Cuando el viajero llega a
Guarda, esa ciudad que se encarama en un monte hasta legar a la Sé, es ya
agosto entrado. Hace tiempo que conoce la ciudad y en su recuerdo pervive esa
imagen de un señor al que le preguntó su padre por el camino a Covilha y,
mientras le respondía al padre del viajero, llegó un familiar y le besó. No sé
porque al viajero se le ha quedado esta imagen de Guarda, pero es la que
conserva. ¡Qué le vamos a hacer! En esa mañana de agosto el viento sopla en
Guarda y juega a husmear por las callejas. Nada más llegar, el viajero siente
algo especial: un algo que le dice que esa ciudad lo estaba esperando desde
hacía muchos años y, como en otras ocasiones, el viajero se deja llevar.
De
pronto, en una pared, una inscripción en piedra recuerda al rey Sancho I, el
fundador de la ciudad, el rey poeta, y uno de sus versos:
Muito
me tarda
o
meu amigo na Guarda
¿Qué
haría el amigo en Guarda? Estaría oyendo como él el viento? ¿Estaría viendo
pasar las nubes en loca carrera camino del sur?¿Estaría resguardado del frío al
fuego de una lareira? Hay otras posibilidades, pero el viajero no quiere entrar
en ellas y sigue calle arriba.
En una
de sus rúas, se compra un queso y luego, a indicaciones del buen quesero,
asciende por un arco en el que lo espera la imagen de Unamuno, el gran
visitador de Portugal, el gran amante, como el viajero, de las tierras lusas.

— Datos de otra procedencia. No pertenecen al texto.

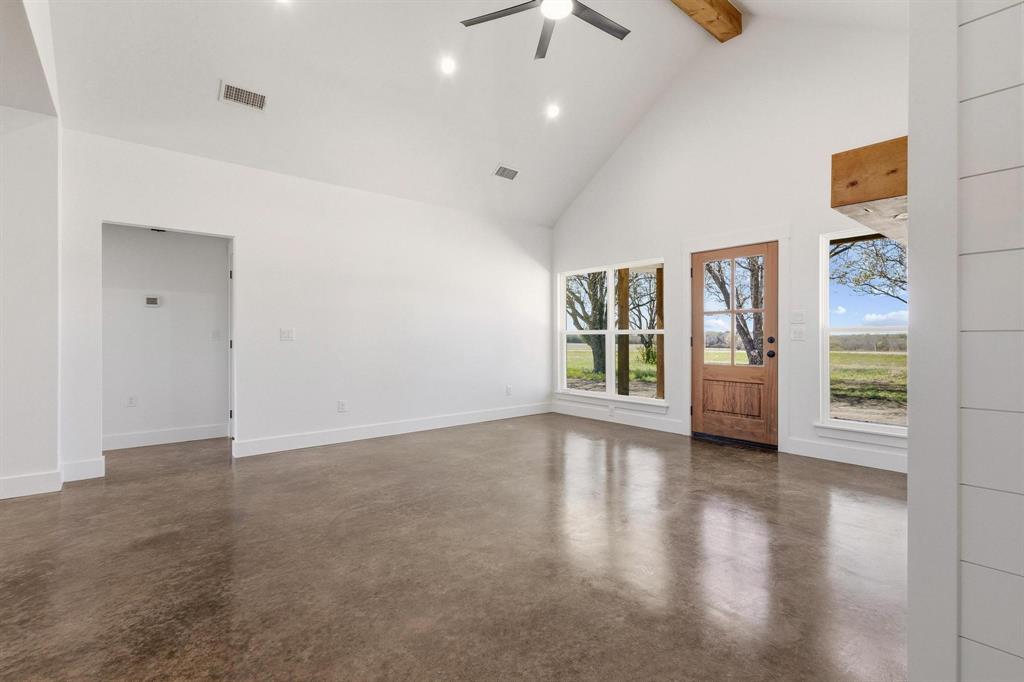 14419 Fm 1396 Property Photo 20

Y, una vez metido na cidade velha, el
viajero se recorre sus vielas en las
que de pronto ha llegado el invierno y en una noche fría – Guarda es en una de
sus cinco efes- a cidade fría- la
nieve está llamando en su ventana mientras un candelabro de siete brazos está
encendido. El viento sigue soplando en esa noche de Guarda en que parece que
viven todas las noches del mundo, todos los inviernos del mundo, todo el frío
del mundo. Y hay gentes que pasan rezando un kadish por los que ya son viento en el viento, frío en el frío,
noche en la noche y el viajero, otra vez en agosto, ha llegado hasta una plaza,
la enorme plaza que está dedicada a su amigo Luis de Camõens, el gran poeta
luso, y en ella ve unos soportales y unas casas blanacas. Una de ellas es A casa do bom café, recuerdo del pasado
colonial de Portugal, cuando las
colonias llevaban a las metrópolis el buen café que creó esa cultura cafetera
tan portuguesa. Y el viajero regresa y se perjura que un día volverá a Guarada,
la cidade fría, farta, forte, formosa e
fiel y sabe que Guarda lo estará esperando con su viento frío, con sus
candelabros de siete brazos, con su kadish,
con su nieve que es vida en la muerte de la noche de todas las noches.